**What to produce:**
Once the pictures are removed, return each record below exactly as written.
___ Material provided ___
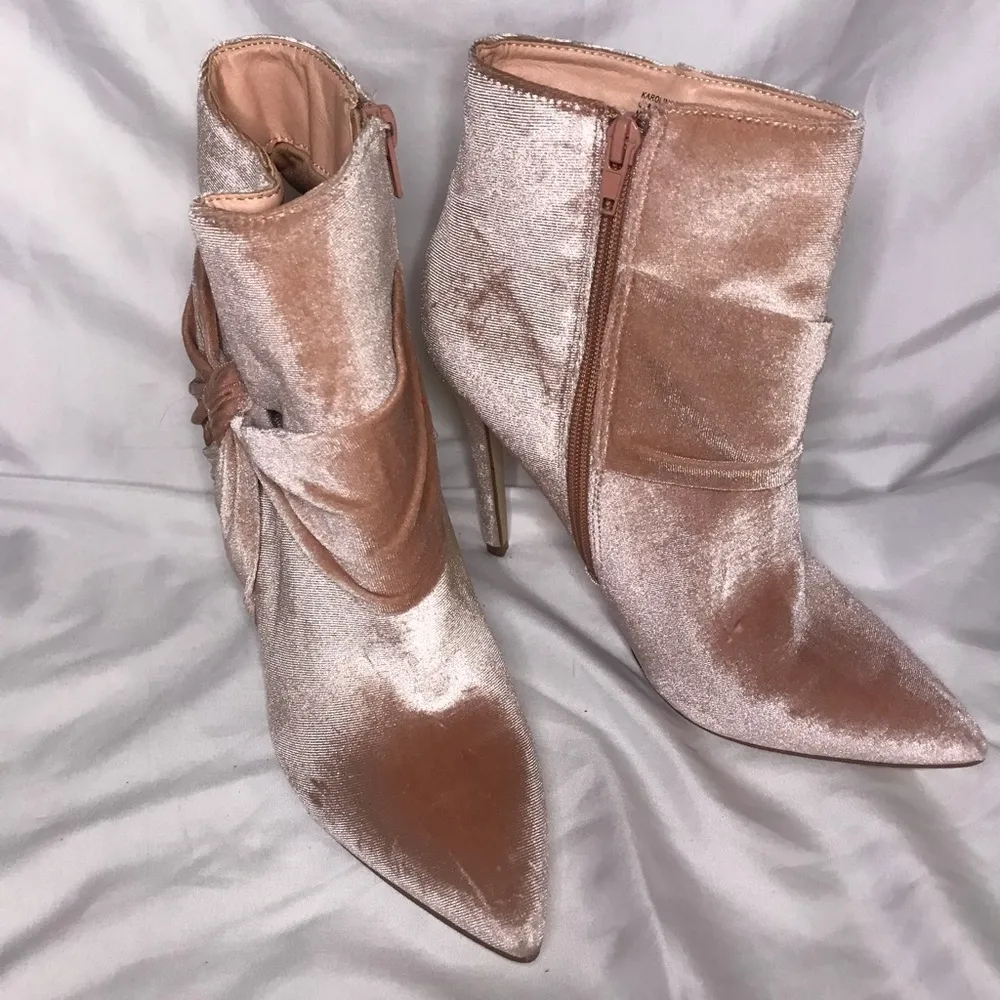 JustFab Women’s Blush Pink Velour Stiletto Ankle Bootie Pointed Toe Size 8.5 - Image 3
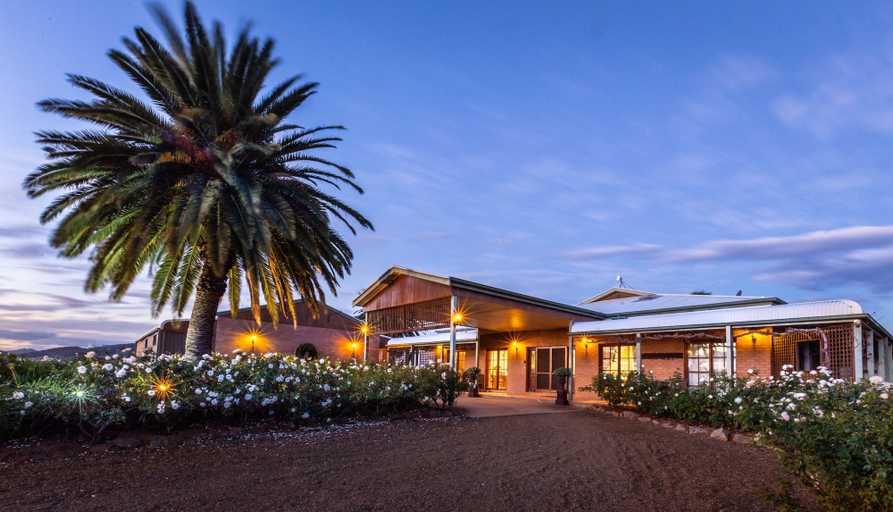 Exterior & Views 2, Strathearn Park Lodge, Upper Hunter Shire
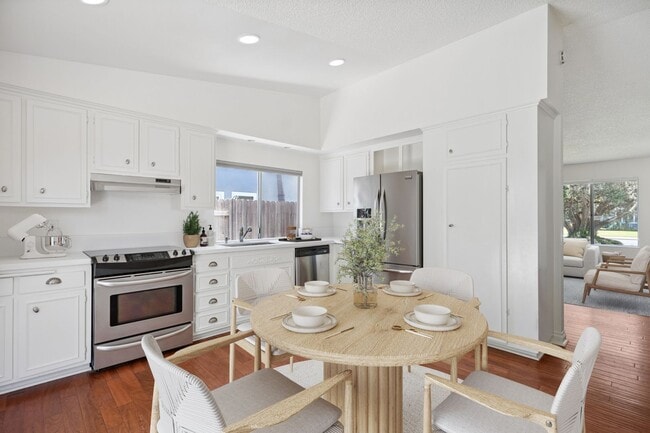 Building Photo - Single Level 4-Bedroom Home in Excellent H...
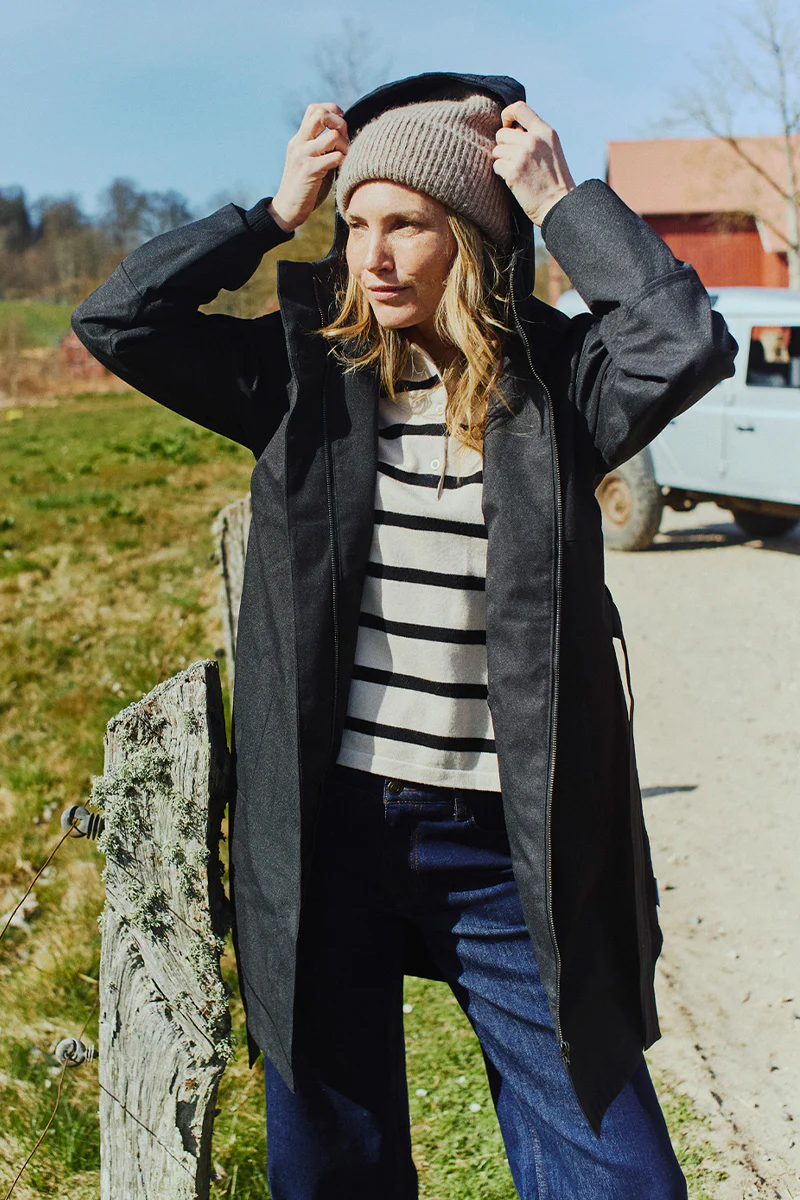 Storm Ja Belt | Black | Jakke med bælte fra Freequent - Image 5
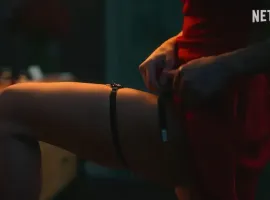 Netflix опубликовал трейлер эротического триллера Burning Betrayal - изображение 1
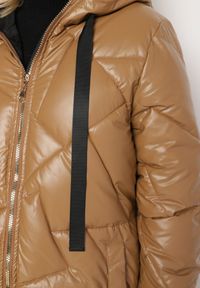 Born2be - Jasnobrązowa Długa Pikowana Kurtka z Kapturem i Ściąganymi Sznurkami Norezi. Okazja: na co dzień. Typ kołnierza: kaptur. Kolor: brązowy. Materiał: jeans. Długość: długie. Wzór: aplikacja. Sezon: zima. Styl: casual, elegancki #3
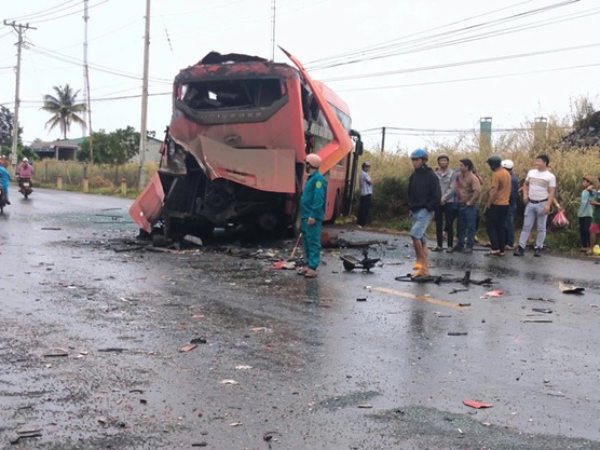 Kinh hãi hiện trường hai xe khách tông nhau trên Quốc lộ 14, 3 người thương vong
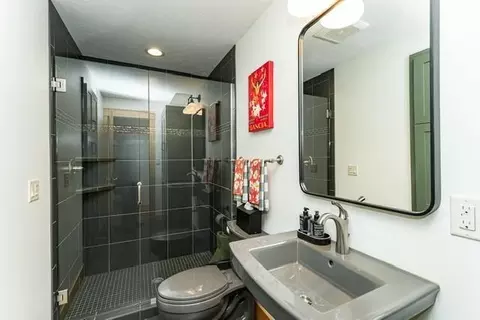 Bath - 503 24th St SW, Austin, MN 55912 photo 3 of 6
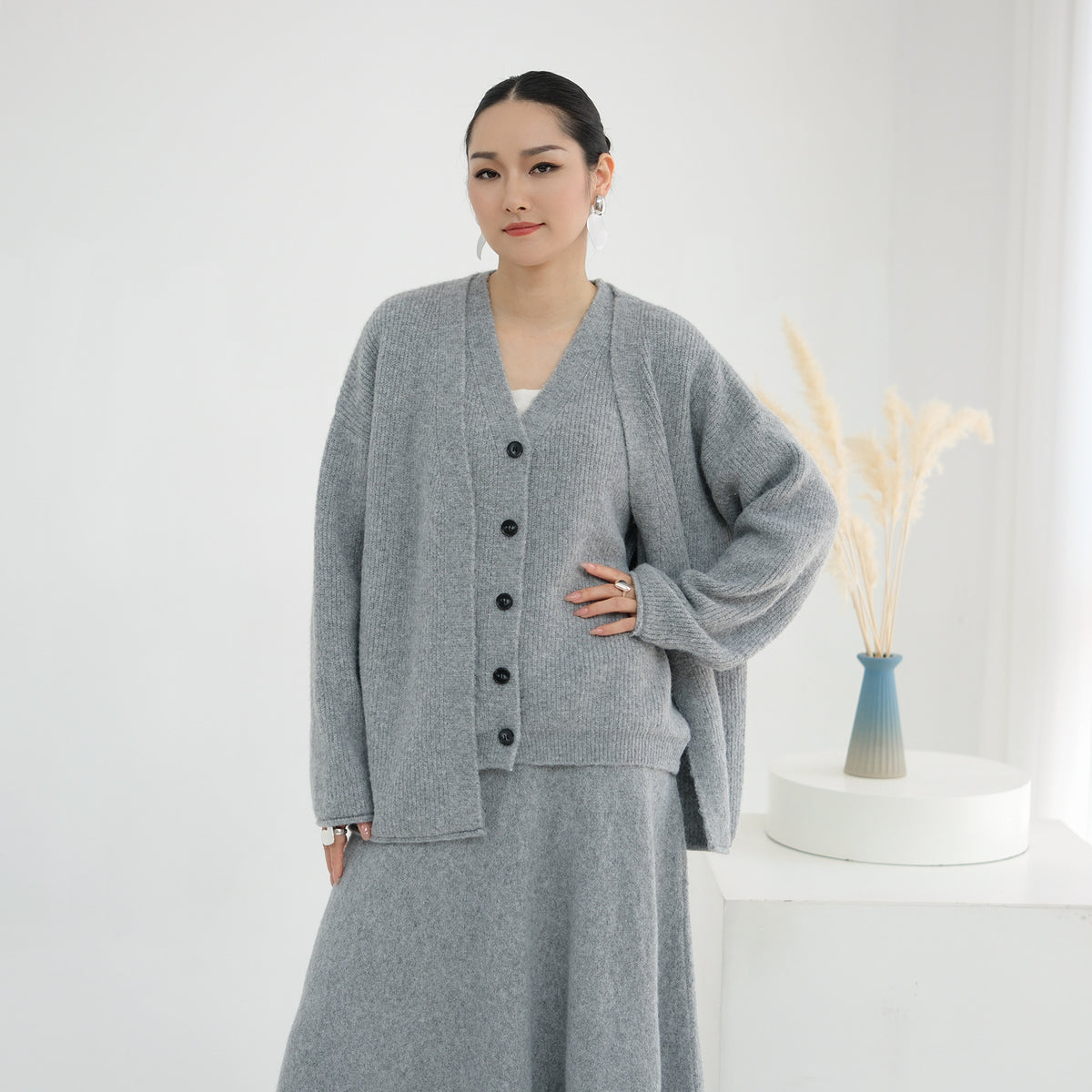 MH72 Winter Knit 3-Piece Abaya Set for Muslim Women – Modest Hijabi Co-ord (Cardigan + Vest + Skirt)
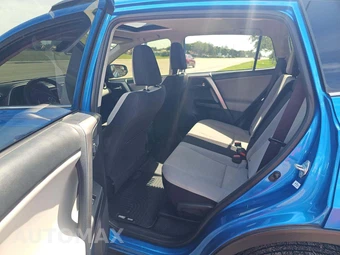 2017 Toyota RAV4 XLE - miniatura 13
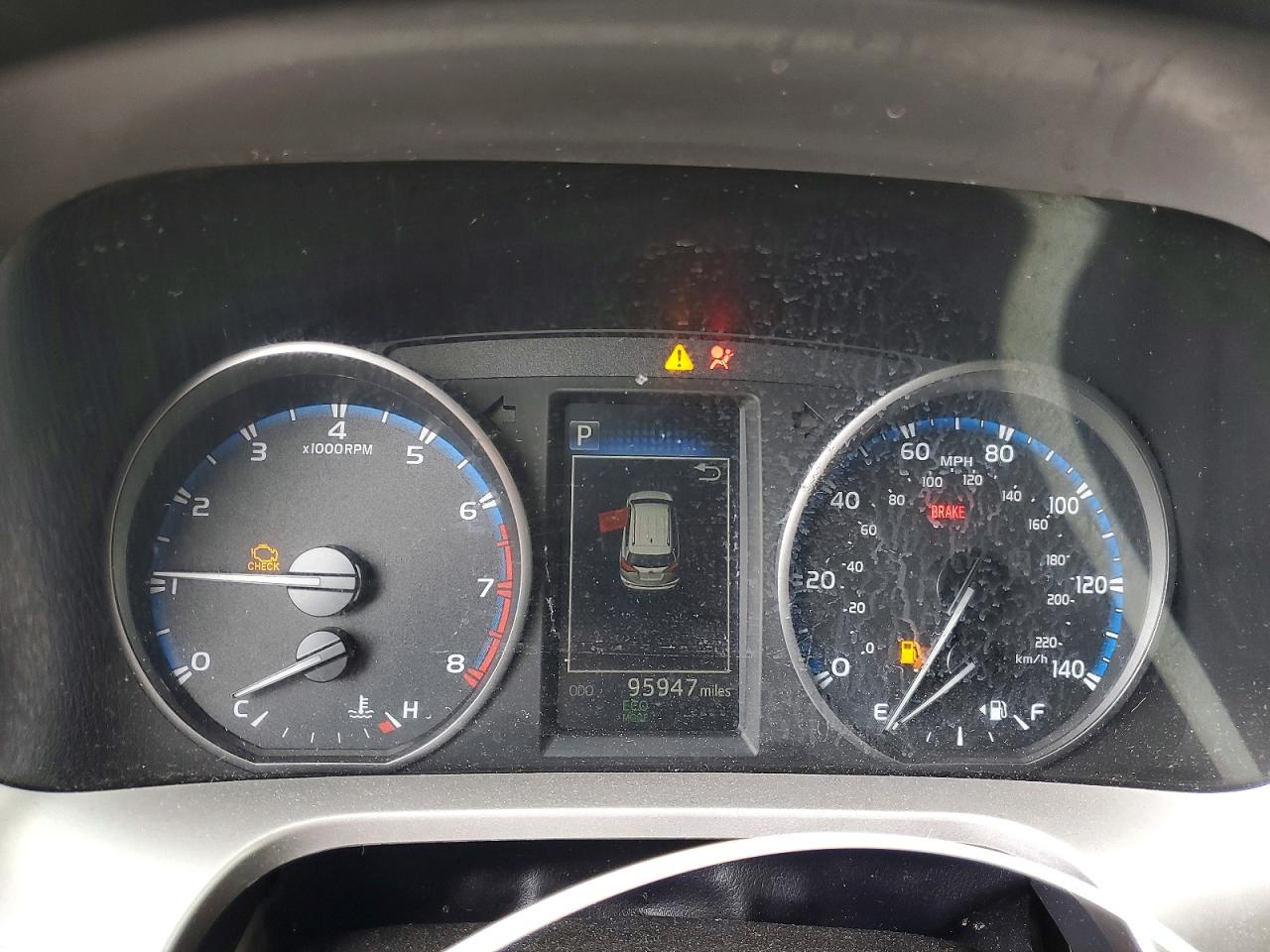 2018 TOYOTA RAV4 photo 17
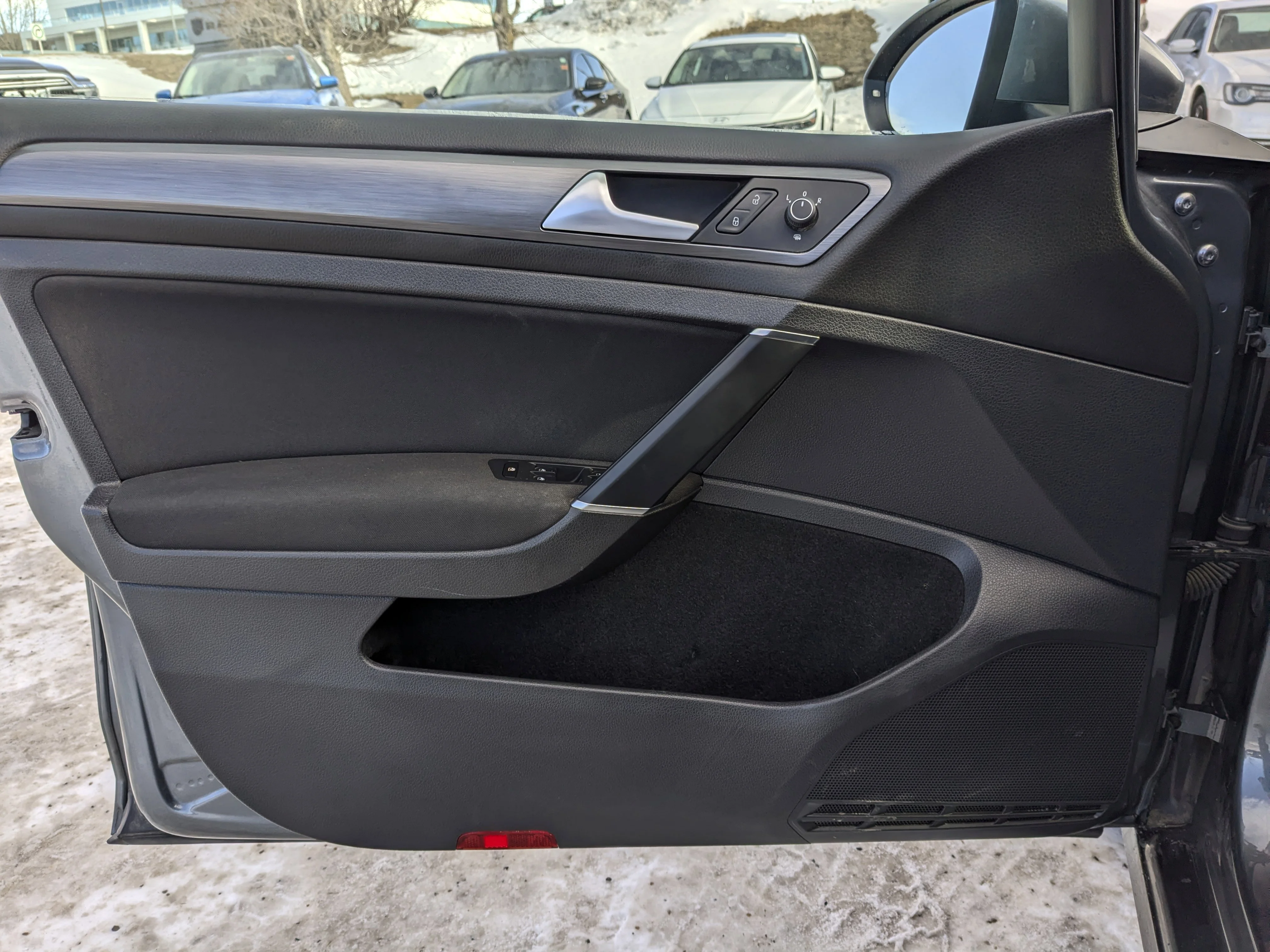 Used 2019 Grey Volkswagen Comfortline image 14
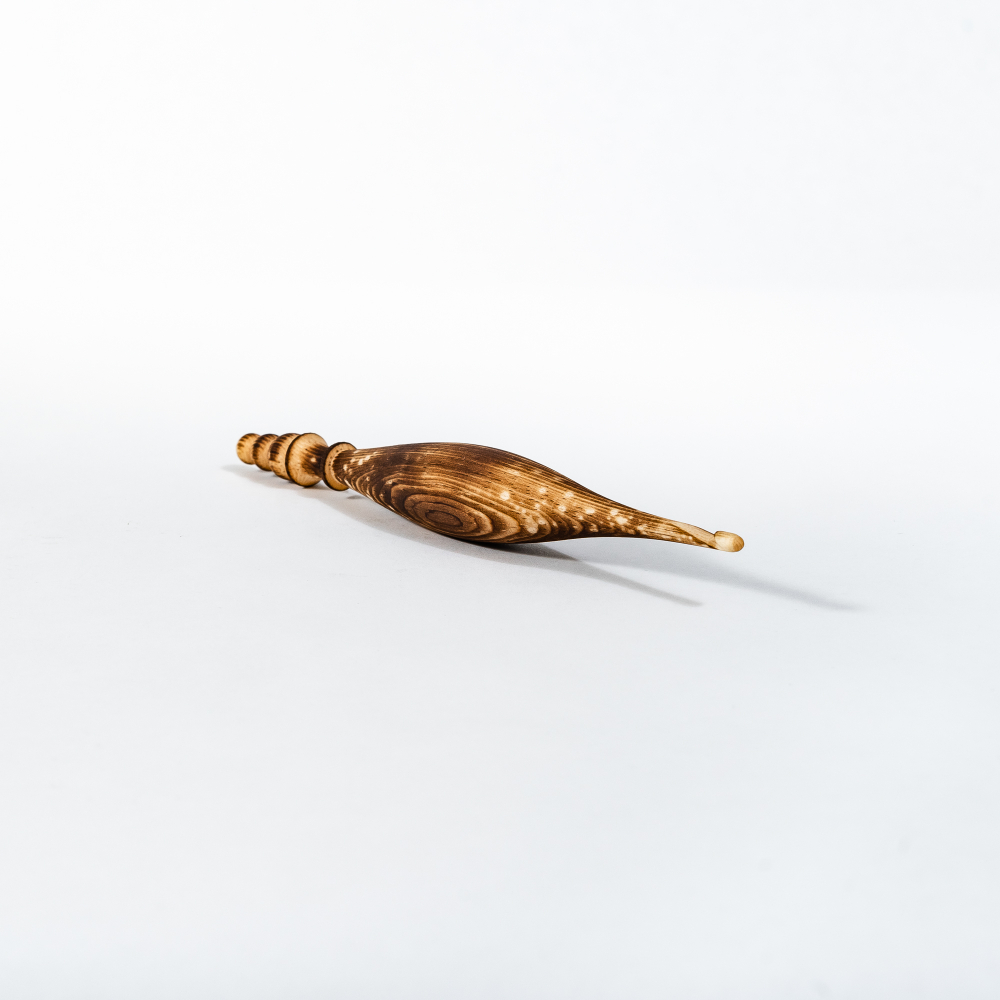 Деревянный крючок для вязания из древесины кедра 4 мм. K270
___
**Answer for this exercise:**
 JustFab Women’s Blush Pink Velour Stiletto Ankle Bootie Pointed Toe Size 8.5 - Image 3
 Exterior & Views 2, Strathearn Park Lodge, Upper Hunter Shire
 Building Photo - Single Level 4-Bedroom Home in Excellent H...
 Storm Ja Belt | Black | Jakke med bælte fra Freequent - Image 5
 Netflix опубликовал трейлер эротического триллера Burning Betrayal - изображение 1
 Born2be - Jasnobrązowa Długa Pikowana Kurtka z Kapturem i Ściąganymi Sznurkami Norezi. Okazja: na co dzień. Typ kołnierza: kaptur. Kolor: brązowy. Materiał: jeans. Długość: długie. Wzór: aplikacja. Sezon: zima. Styl: casual, elegancki #3
 Kinh hãi hiện trường hai xe khách tông nhau trên Quốc lộ 14, 3 người thương vong
 Bath - 503 24th St SW, Austin, MN 55912 photo 3 of 6
 MH72 Winter Knit 3-Piece Abaya Set for Muslim Women – Modest Hijabi Co-ord (Cardigan + Vest + Skirt)
 2017 Toyota RAV4 XLE - miniatura 13
 2018 TOYOTA RAV4 photo 17
 Used 2019 Grey Volkswagen Comfortline image 14
 Деревянный крючок для вязания из древесины кедра 4 мм. K270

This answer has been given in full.